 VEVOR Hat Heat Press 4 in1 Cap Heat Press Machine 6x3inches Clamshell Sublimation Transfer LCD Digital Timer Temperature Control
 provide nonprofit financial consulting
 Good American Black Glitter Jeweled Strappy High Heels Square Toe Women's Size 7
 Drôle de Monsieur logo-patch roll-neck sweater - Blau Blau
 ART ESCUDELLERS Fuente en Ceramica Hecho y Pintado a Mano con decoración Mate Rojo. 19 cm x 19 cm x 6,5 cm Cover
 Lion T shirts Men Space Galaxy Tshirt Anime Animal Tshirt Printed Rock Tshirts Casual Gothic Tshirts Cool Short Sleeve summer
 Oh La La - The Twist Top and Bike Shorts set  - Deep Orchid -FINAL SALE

==

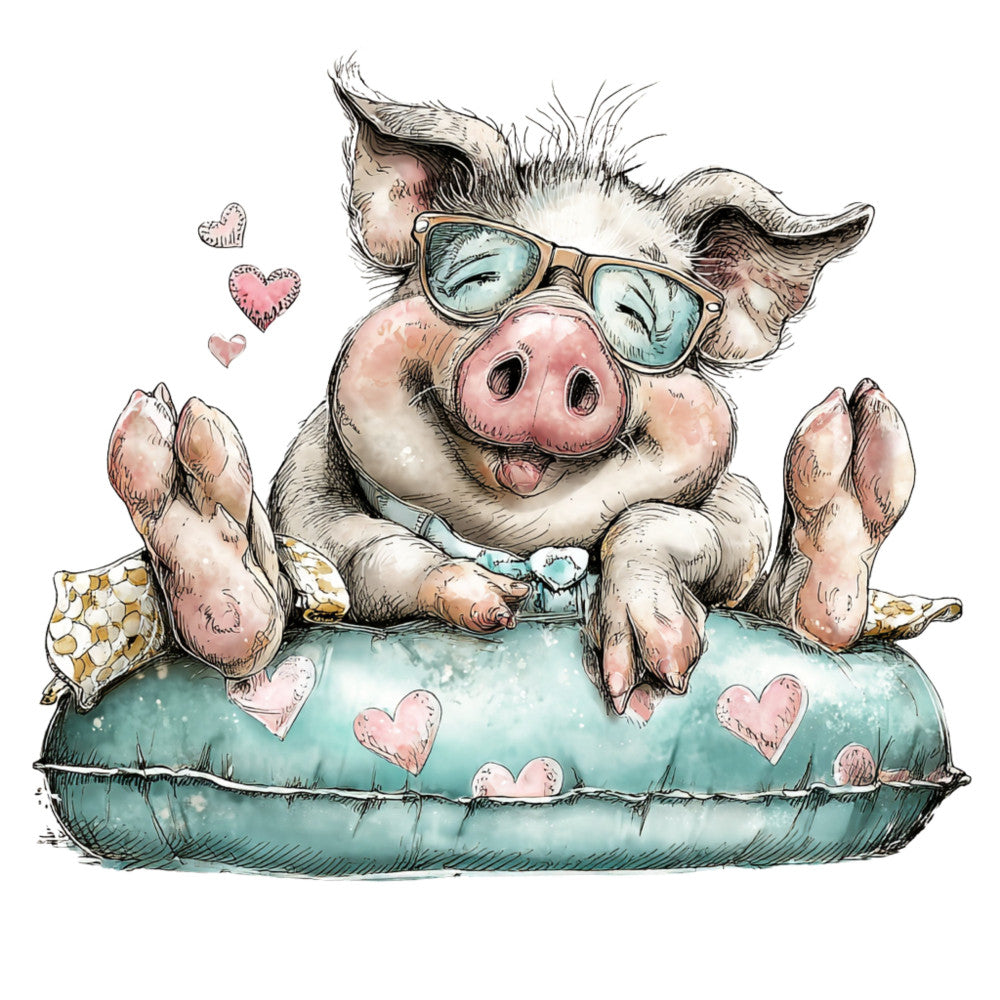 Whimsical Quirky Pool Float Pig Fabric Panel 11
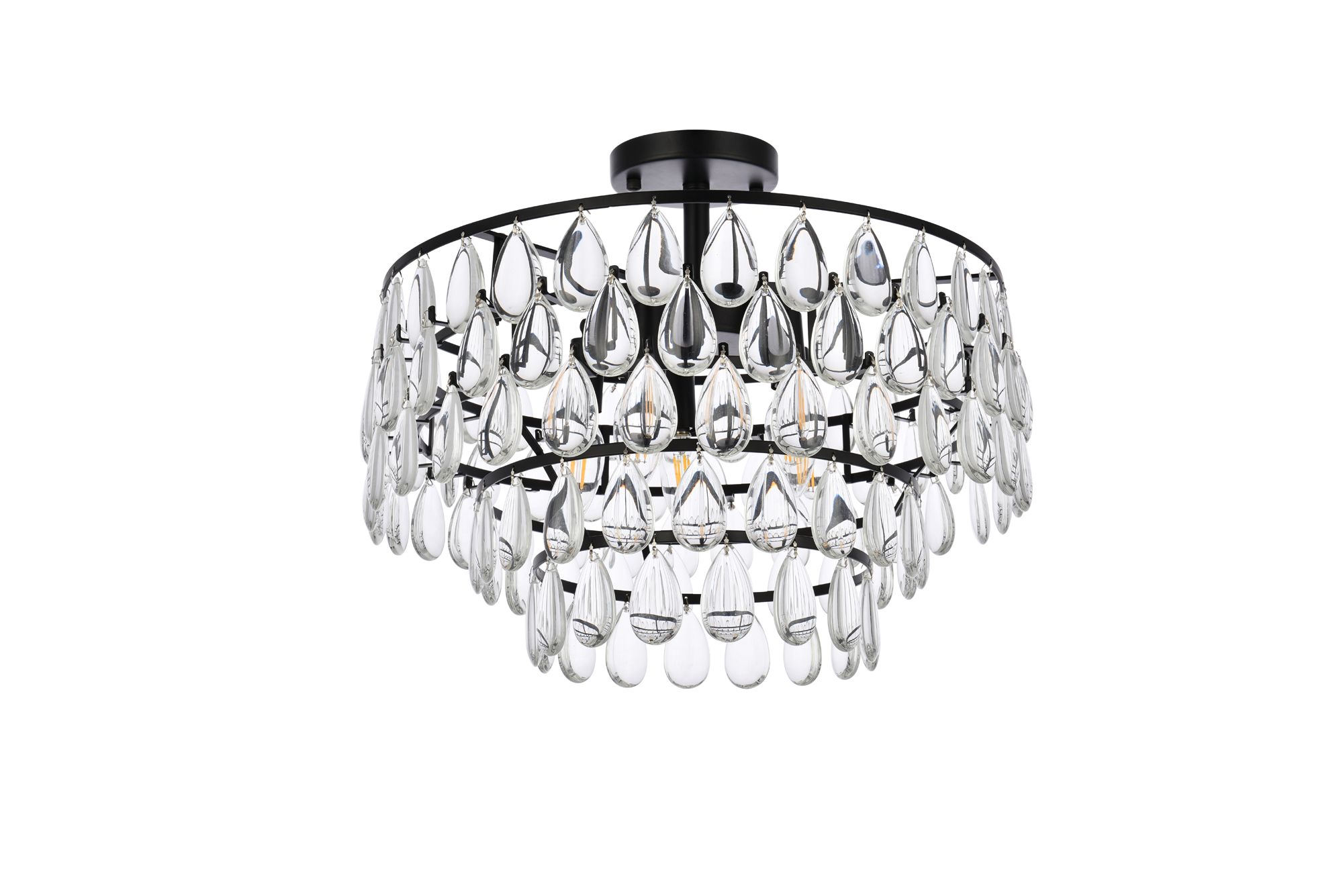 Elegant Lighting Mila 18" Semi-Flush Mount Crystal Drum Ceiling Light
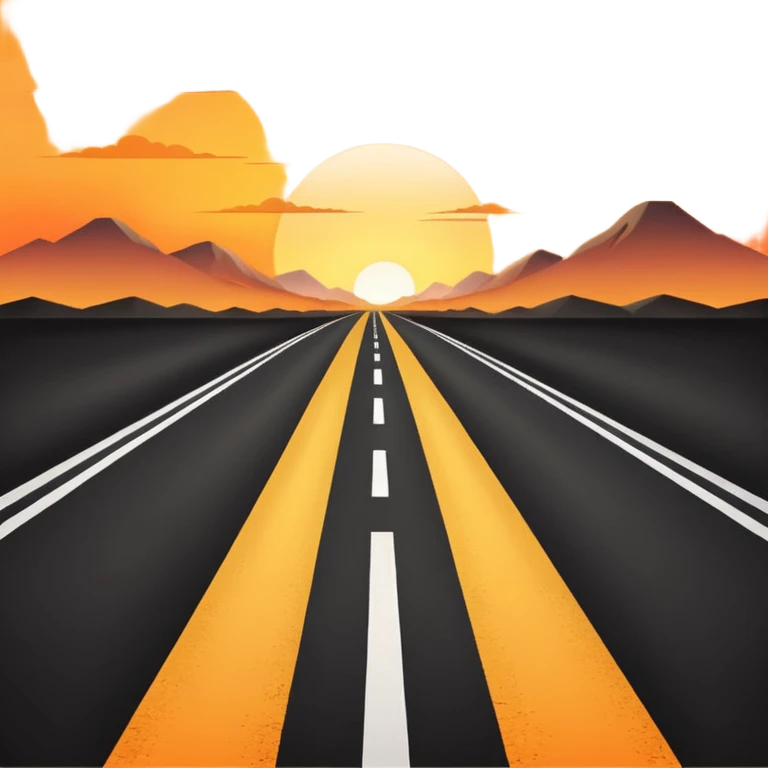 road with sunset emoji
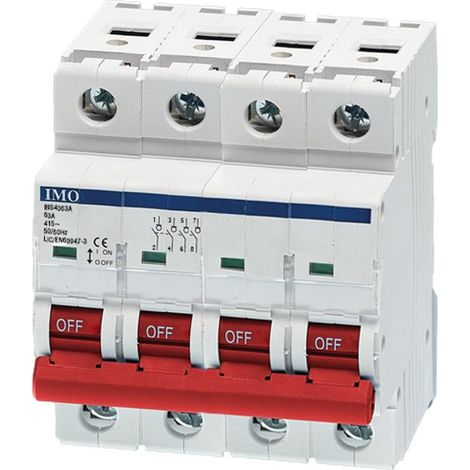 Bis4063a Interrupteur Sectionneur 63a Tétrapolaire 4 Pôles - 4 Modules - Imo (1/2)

What the task asks
Which lines above run from the one containing "VEVOR Hat Heat" down to the one containing "ART ESCUDELLERS Fuente"? Repeat exactly those, both ends included, and nothing else.

Problem solution
 VEVOR Hat Heat Press 4 in1 Cap Heat Press Machine 6x3inches Clamshell Sublimation Transfer LCD Digital Timer Temperature Control
 provide nonprofit financial consulting
 Good American Black Glitter Jeweled Strappy High Heels Square Toe Women's Size 7
 Drôle de Monsieur logo-patch roll-neck sweater - Blau Blau
 ART ESCUDELLERS Fuente en Ceramica Hecho y Pintado a Mano con decoración Mate Rojo. 19 cm x 19 cm x 6,5 cm Cover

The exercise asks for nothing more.